Task directions → When you reach the line with "affiliateclonescript.blogspot.in" in the listing below, write out that line and every one after it exactly, and skip the pictures.

[Raw data — start]

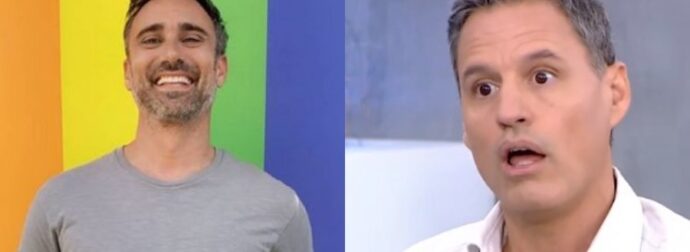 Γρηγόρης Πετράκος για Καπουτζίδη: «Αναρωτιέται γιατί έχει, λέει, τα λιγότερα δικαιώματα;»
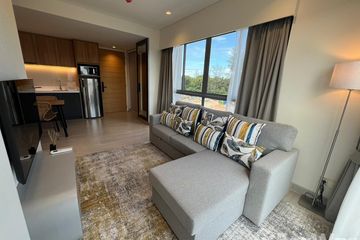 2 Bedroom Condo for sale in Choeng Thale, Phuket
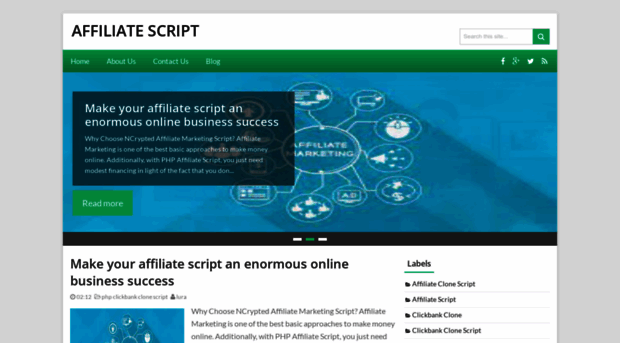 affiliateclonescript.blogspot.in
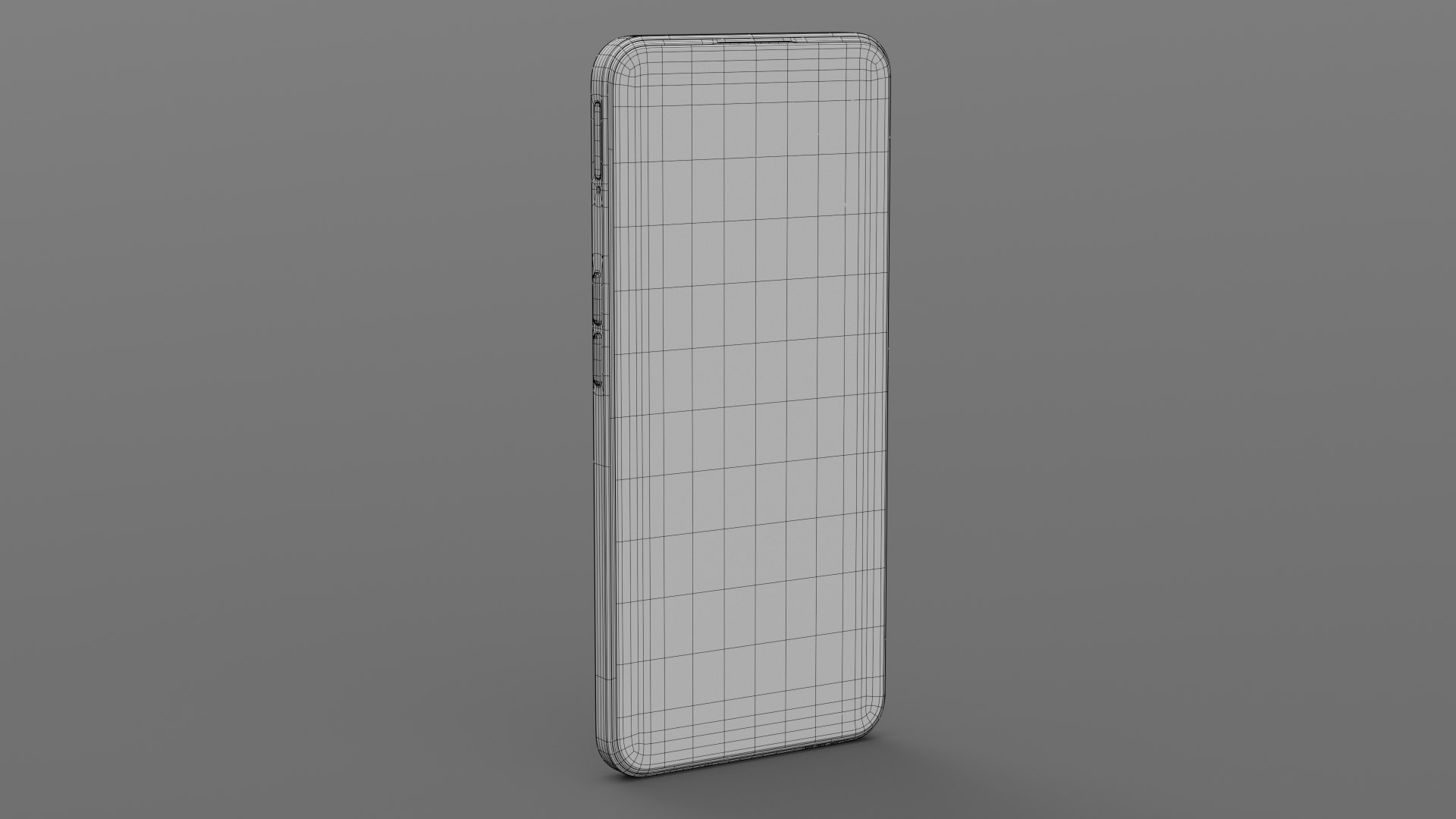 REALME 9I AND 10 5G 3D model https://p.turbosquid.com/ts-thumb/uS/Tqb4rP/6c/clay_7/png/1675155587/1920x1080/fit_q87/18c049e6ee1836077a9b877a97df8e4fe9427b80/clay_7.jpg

[Raw data — finish]

Solution →
 affiliateclonescript.blogspot.in
 REALME 9I AND 10 5G 3D model https://p.turbosquid.com/ts-thumb/uS/Tqb4rP/6c/clay_7/png/1675155587/1920x1080/fit_q87/18c049e6ee1836077a9b877a97df8e4fe9427b80/clay_7.jpg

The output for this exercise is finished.